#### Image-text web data
= = = = =

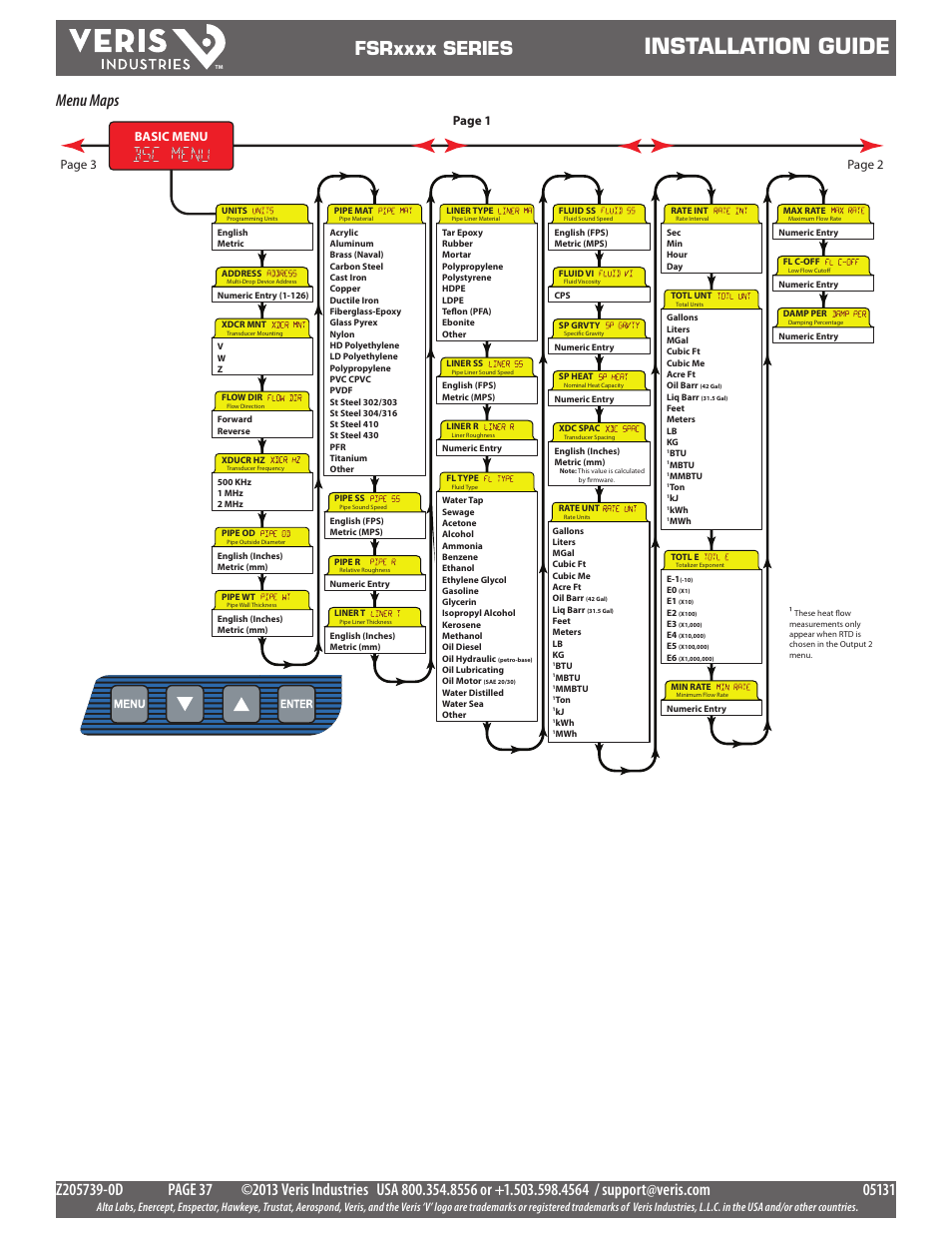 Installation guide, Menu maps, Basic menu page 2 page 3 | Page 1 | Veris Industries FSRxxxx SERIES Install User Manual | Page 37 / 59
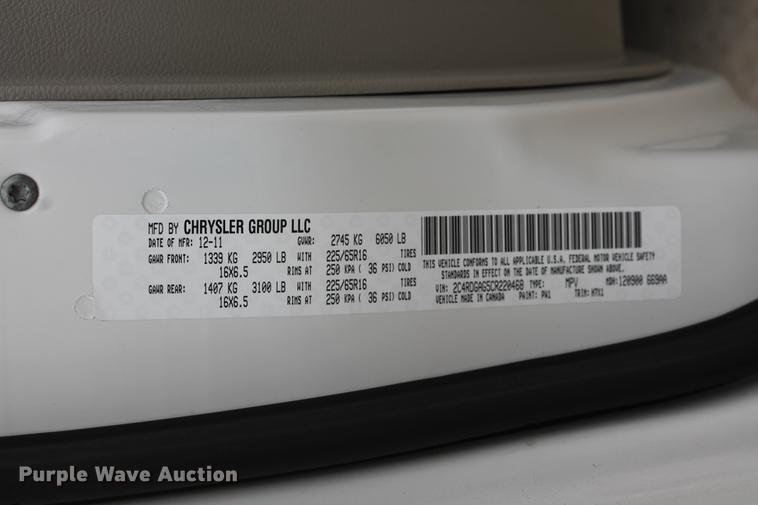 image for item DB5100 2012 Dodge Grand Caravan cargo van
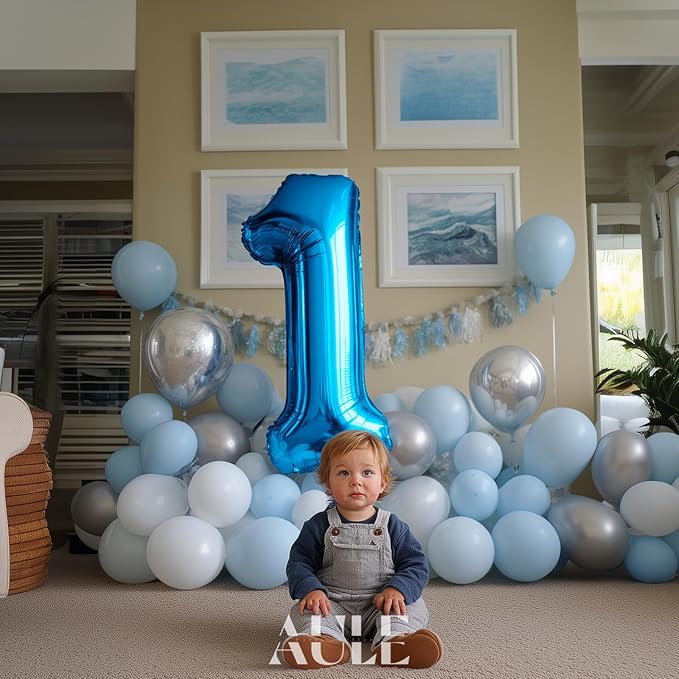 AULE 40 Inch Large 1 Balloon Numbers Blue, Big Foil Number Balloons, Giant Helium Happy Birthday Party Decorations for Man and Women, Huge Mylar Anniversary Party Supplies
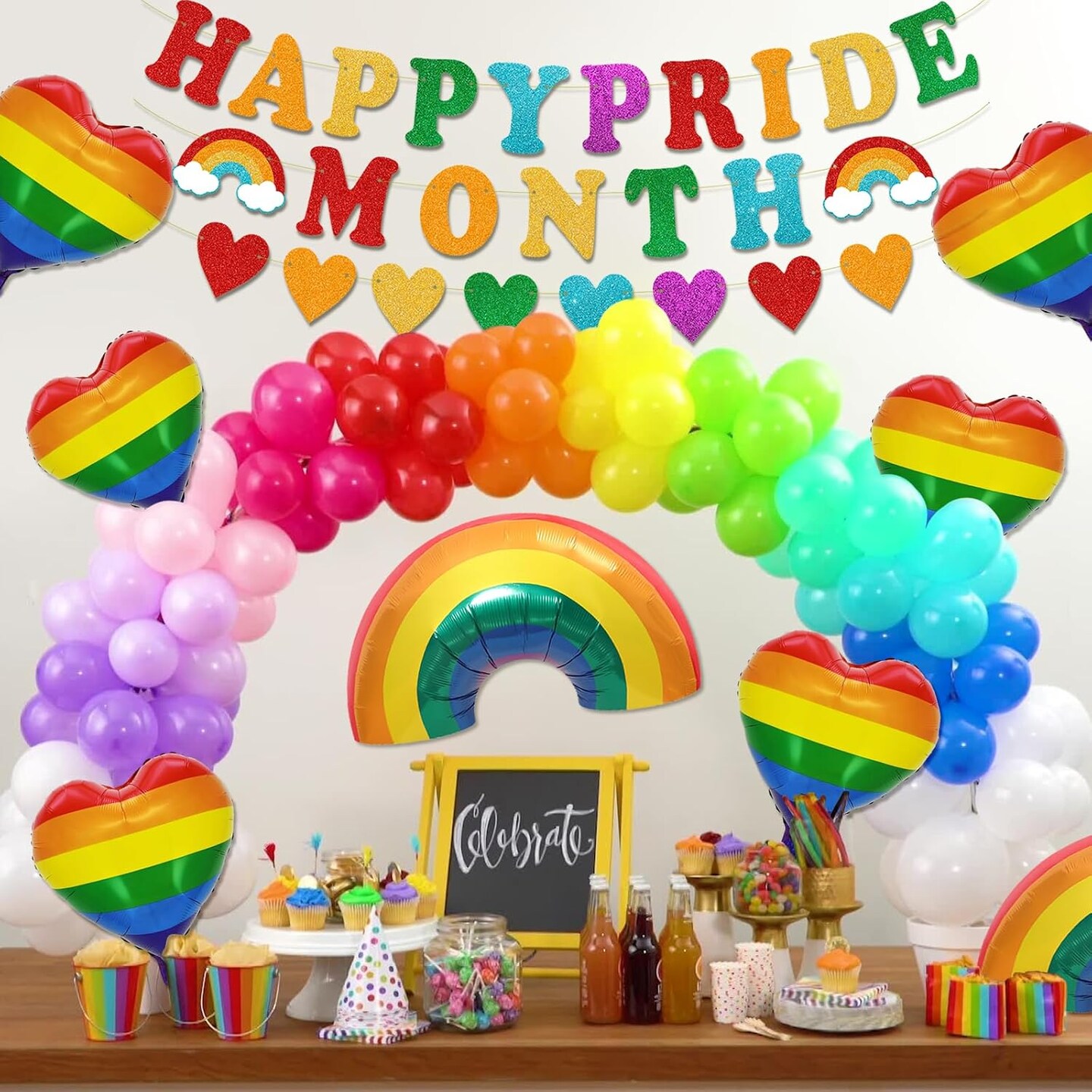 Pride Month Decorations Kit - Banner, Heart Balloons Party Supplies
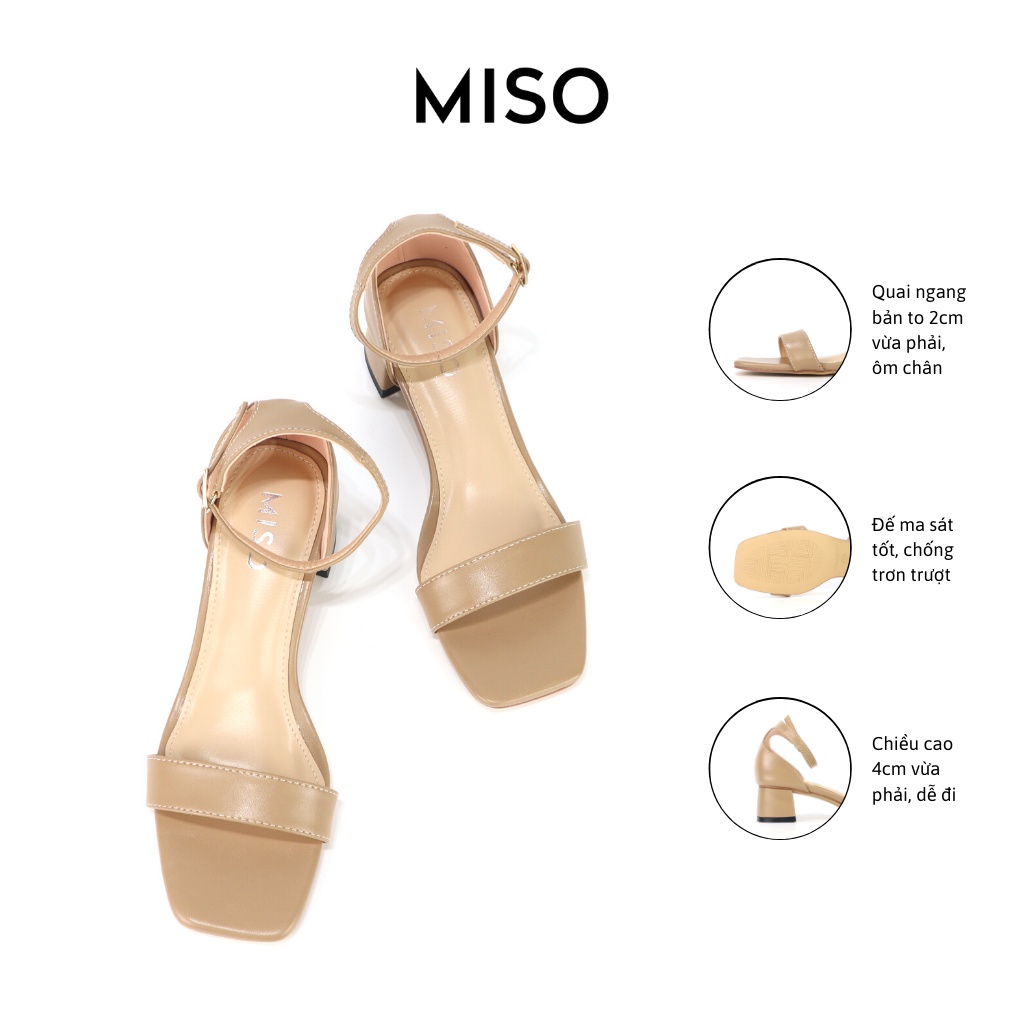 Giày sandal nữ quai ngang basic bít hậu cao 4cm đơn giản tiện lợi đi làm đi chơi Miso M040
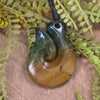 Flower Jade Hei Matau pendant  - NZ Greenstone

= = = = =

#### ACTIVITY
The reply should hold every entry above, given again exactly, but not a single picture.

#### RESULT OF THE TASK
 Installation guide, Menu maps, Basic menu page 2 page 3 | Page 1 | Veris Industries FSRxxxx SERIES Install User Manual | Page 37 / 59
 image for item DB5100 2012 Dodge Grand Caravan cargo van
 AULE 40 Inch Large 1 Balloon Numbers Blue, Big Foil Number Balloons, Giant Helium Happy Birthday Party Decorations for Man and Women, Huge Mylar Anniversary Party Supplies
 Pride Month Decorations Kit - Banner, Heart Balloons Party Supplies
 Giày sandal nữ quai ngang basic bít hậu cao 4cm đơn giản tiện lợi đi làm đi chơi Miso M040
 Flower Jade Hei Matau pendant  - NZ Greenstone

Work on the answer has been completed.